Source records
▬▬▬▬▬▬
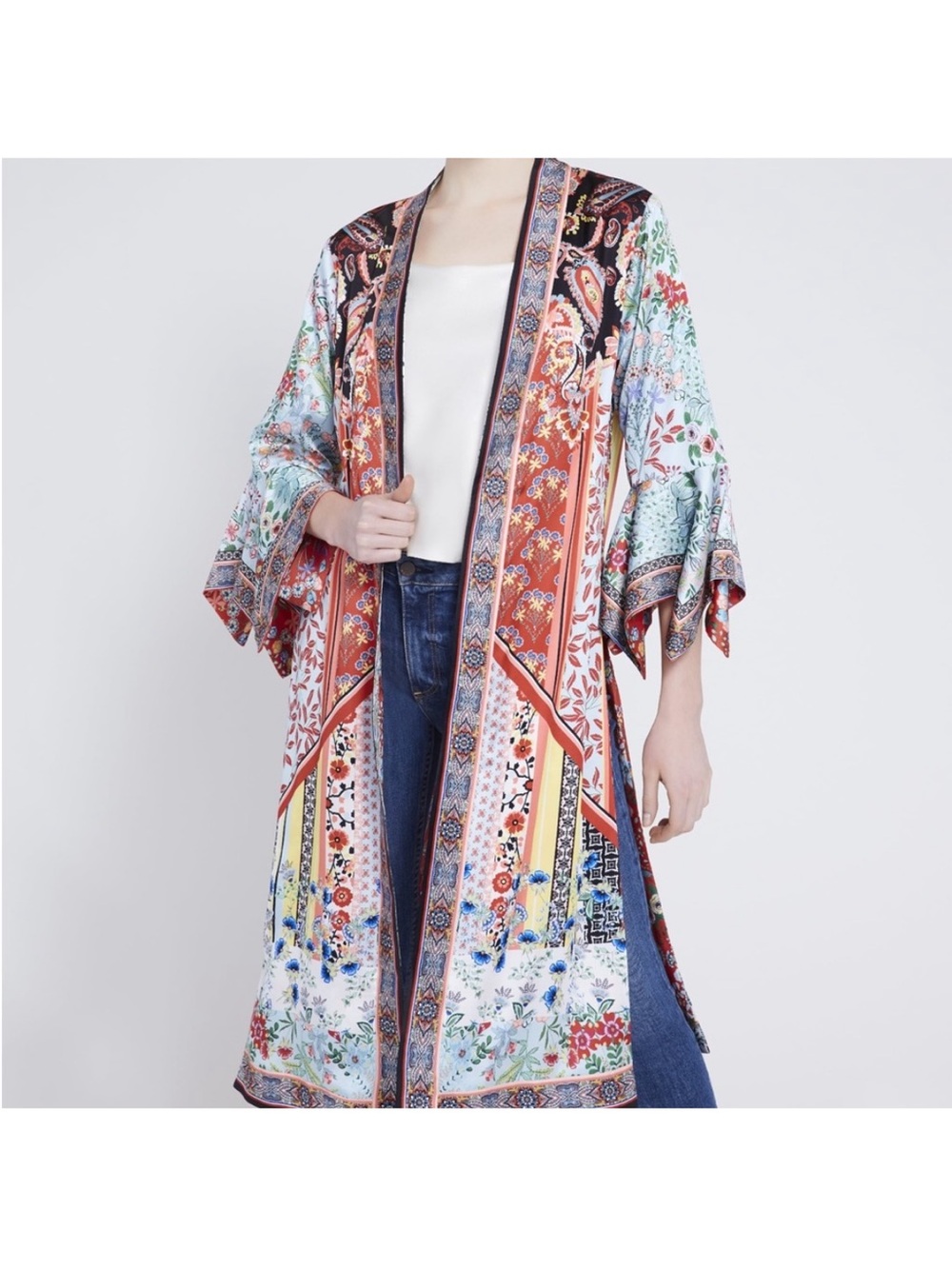 Alice + Olivia Lynn Reversible Cardigan Paloma Red blue Robe Kimono Jacket XS/S
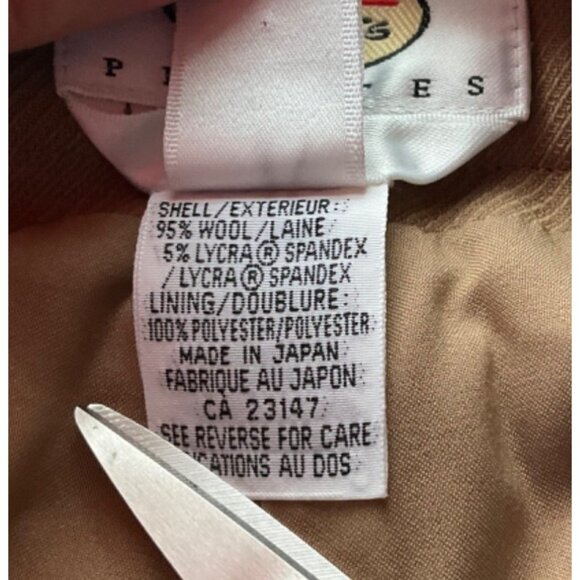 VTG Talbots Medium P Suit Set jacket and pants Wide Leg Wool Stretch Tan Beige - Picture 8 of 16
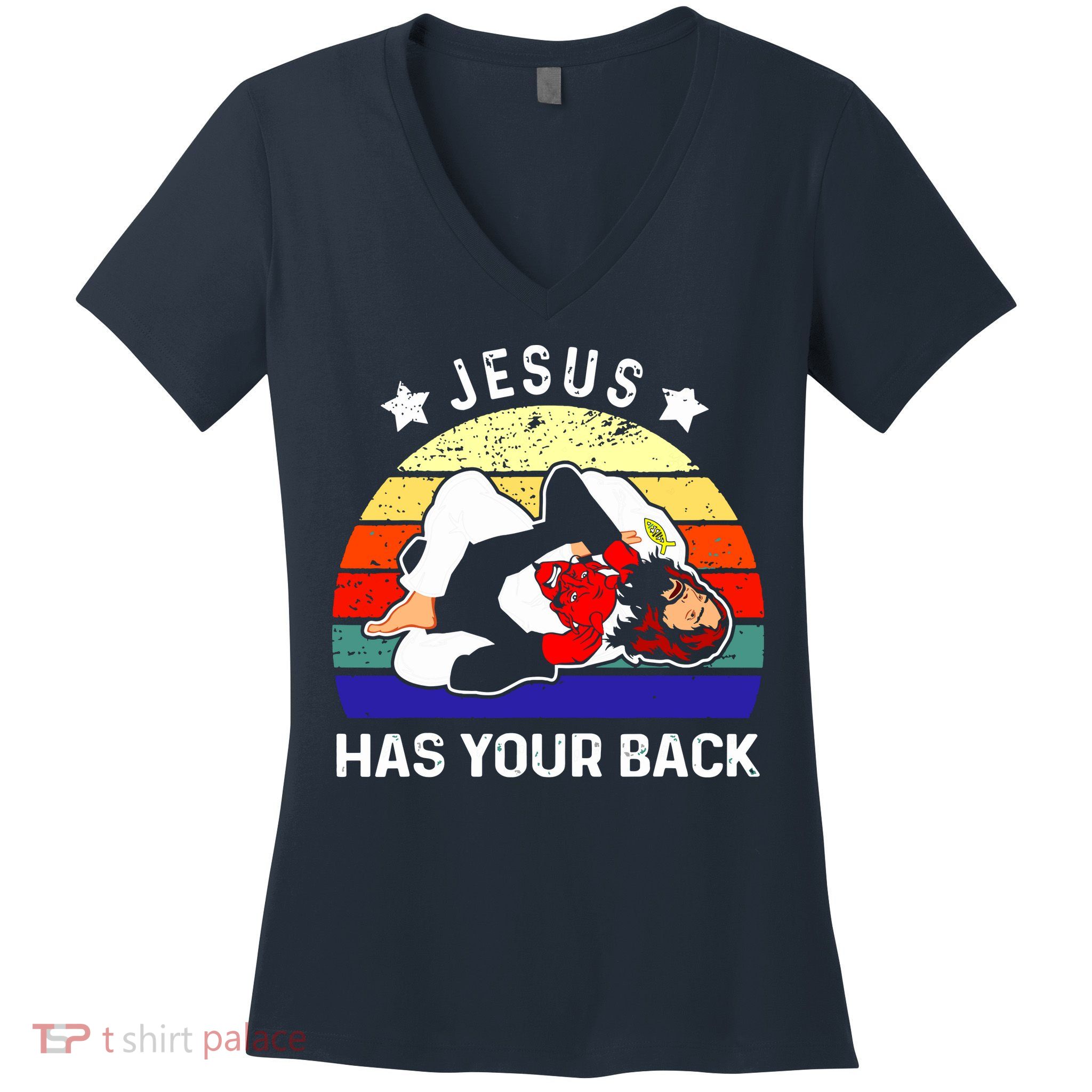 Brazilian Jiu Jitsu Jesus Has Your Back Women's V-Neck T-Shirt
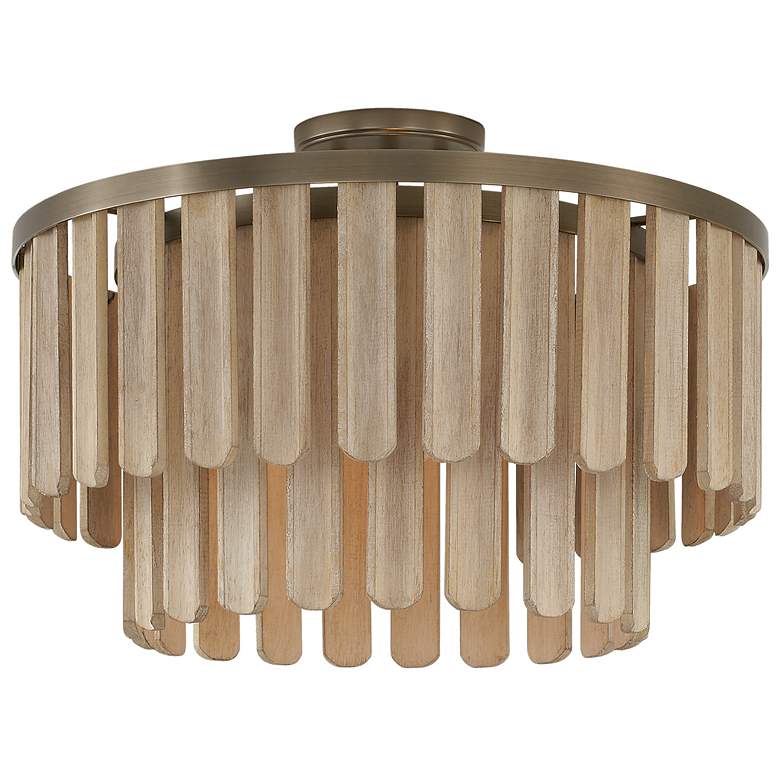 Image 1 Capital Lighting Jada 1 Light Semi Flush 20" Dark Brass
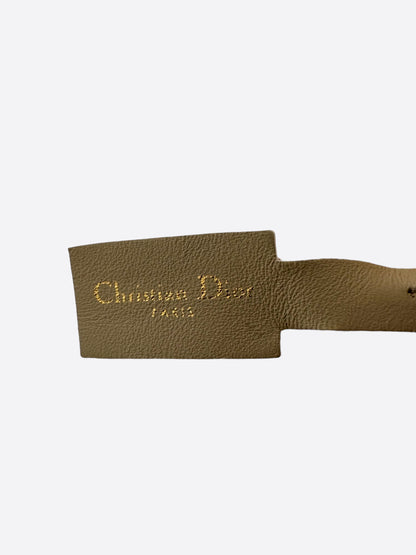 Dior White & Tan Reversible Gold Buckle Belt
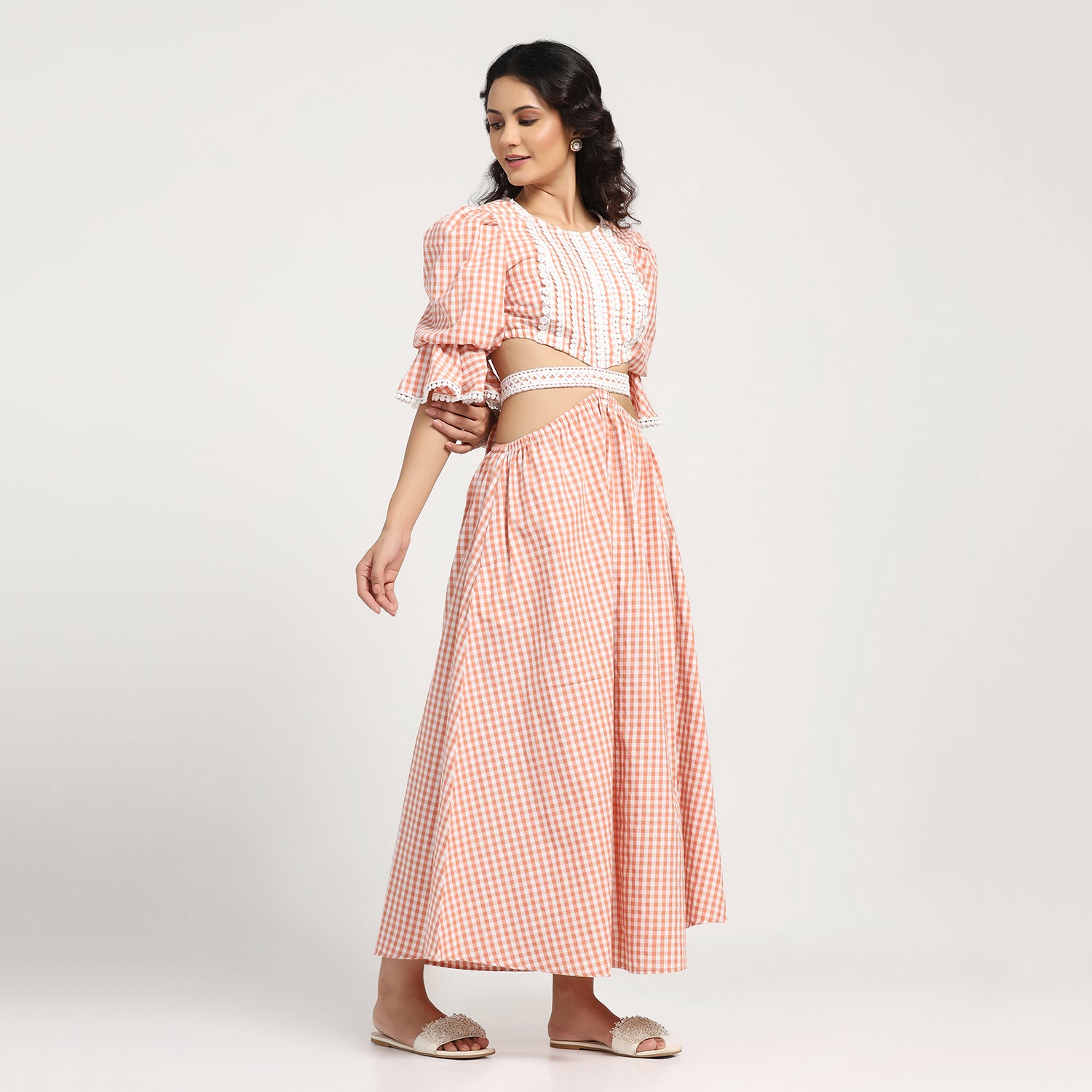 Peach Check Dress With Lace Yoke & Tie Belt, dress for women, partywear dress for women, sleeve design, women dress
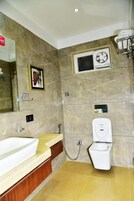 Hair dryer, slippers, towels, soap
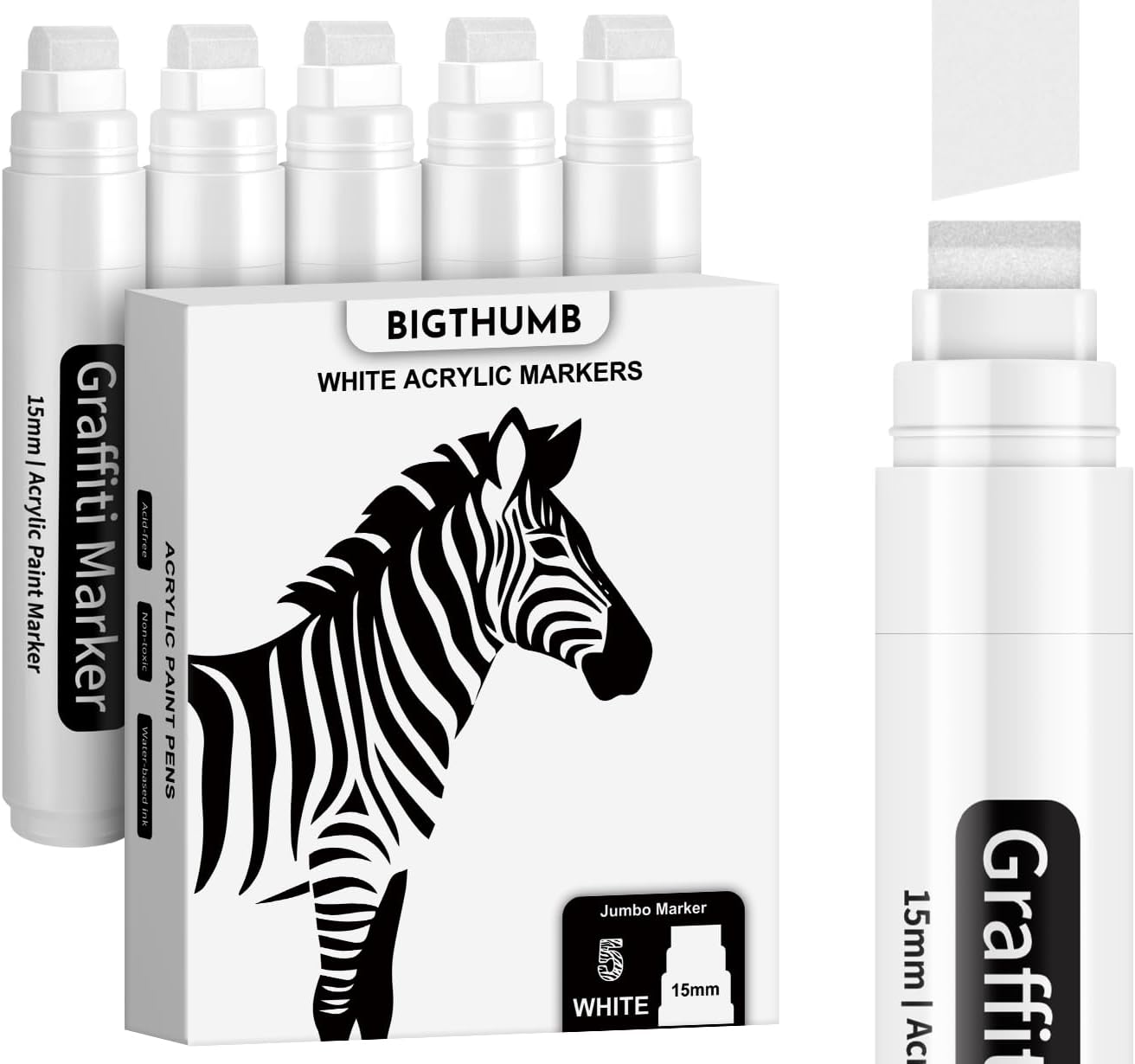 BIGTHUMB Black Poster Markers Jumbo: 5 Pcs 15mm Wide Tip Thick Acrylic Paint Pen Large Permanent Calligraphy Markers for Rock Painting, Stone, Poster, Canvas, Glass, Wood, Ceramic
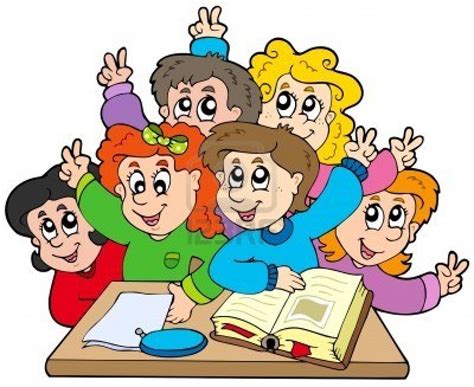 Niños estudiando en la escuela en caricatura   Imagui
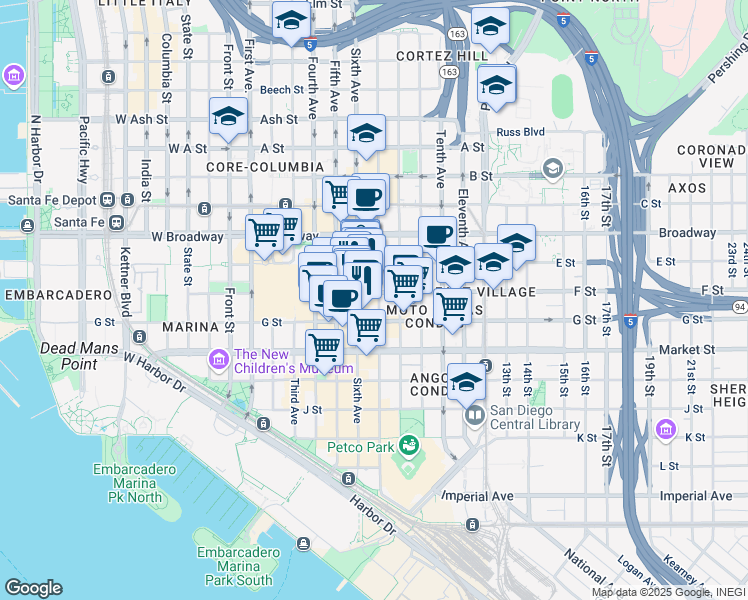 map of restaurants, bars, coffee shops, grocery stores, and more near 789 Sixth Avenue in San Diego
▬▬▬▬▬▬
== What you should do ==
Return the lines above from the one with "VTG Talbots Medium" through the one with "Niños estudiando en", verbatim and nothing else. Omit every picture.

== Completed task ==
 VTG Talbots Medium P Suit Set jacket and pants Wide Leg Wool Stretch Tan Beige - Picture 8 of 16
 Brazilian Jiu Jitsu Jesus Has Your Back Women's V-Neck T-Shirt
 Image 1 Capital Lighting Jada 1 Light Semi Flush 20" Dark Brass
 Dior White & Tan Reversible Gold Buckle Belt
 Peach Check Dress With Lace Yoke & Tie Belt, dress for women, partywear dress for women, sleeve design, women dress
 Hair dryer, slippers, towels, soap
 BIGTHUMB Black Poster Markers Jumbo: 5 Pcs 15mm Wide Tip Thick Acrylic Paint Pen Large Permanent Calligraphy Markers for Rock Painting, Stone, Poster, Canvas, Glass, Wood, Ceramic
 Niños estudiando en la escuela en caricatura   Imagui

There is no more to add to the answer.